QUESTION. How do I prove that the second derivative of a function $f:M\to\mathbb{R}$ defined on a surface $M\subset\mathbb{R}^n$ is well defined?
QUESTION. If, as says the user Amitai Yuval, the second derivative of a function defined on a $ M $ surface can not be well defined in general what is the explanation for this impossibility?
By a second derivative I mean an application $D^{(2)}f$ that at each point $ p \in M $ associates a well-defined bilinear aplication
$$
D^{(2)}f(p):T_pM \times T_pM \to\mathbb{R}.
$$
Let me make a background in a few steps to try to make the question more precise.
Step one. Here $ M $ designates a $C^k$ surface of dimension $ m $ within the Euclidean space $ \mathbb{R}^n$, i.e. a set in $\mathbb{R}^n$ which satisfies the following properties:
- there is a family of open sets $\{O_i\}_{i\in I}$ such that $M\subset \bigcup_{i\in I} O_i$
- for any $U=M\cap O_i$ there are a open set $U_0$ in $\mathbb{R}^m$ and a $C^k$ ($k\geq 2$) parametrization $\varphi:U_0\to U$.
Step two. I'm assuming that, fixed a point $ p \in M $, for any two parametrizations $\varphi:U_0\to U\subset M$ and $\psi:V_0\to V\subset M$ such that $p\in V\cap U$ it is proved that
$$
(\varphi^{-1}\circ\psi):\psi^{-1}(U\cap V)\to \varphi^{-1}(U\cap V)
$$
and
$$
( \psi^{-1}\circ \varphi):\varphi^{-1}(U\cap V)\to \psi^{-1}(U\cap V)
$$
are $C^k$ ($k\geq 2$) diffeormorphisms.
Step three. I am also assuming that the tangent plane $T_pM$ is the well defined vector space given by any parameterization $\varphi:U_0\to U\subset M$ such that $\varphi(a)=p$ as
$$
T_pM= D\varphi(a)(\mathbb{R}^m).
$$
By well defined I mean $ D\varphi(a)(\mathbb{R}^m)=D\psi(b)(\mathbb{R}^m)$ for any other parameterization $\psi:V_0\to V\subset M$ such that $\psi(b)=p$.

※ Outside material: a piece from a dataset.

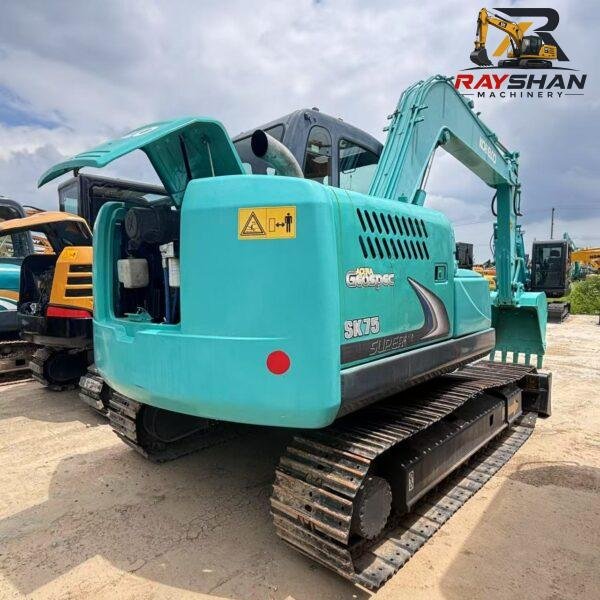 USED KOBELCO SK75 (2) Used KOBELCO SK75(2) Excavator 7.5ton for sale Excellent Fuel Economy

Step four. A function $ f: M \to \mathbb{R}$ is $C^r$ ($1\leq r<k$) differentiable at point $p$ if there is a parameterization $\varphi:U_0\to U\subset M$ with $\varphi(a)=p$ such that $f\circ\varphi$ is $C^r$ differentiable in $a$. Once the parameter change $(\varphi^{-1}\circ\psi):\psi^{-1}(U\cap V)\to \varphi^{-1}(U\cap V)$ is differentiable it follows that the application $f\circ\psi$ is differentiable in $b$ for all parameterization $\psi:V_0\to V\subset M$ such that $\psi(b)=p$.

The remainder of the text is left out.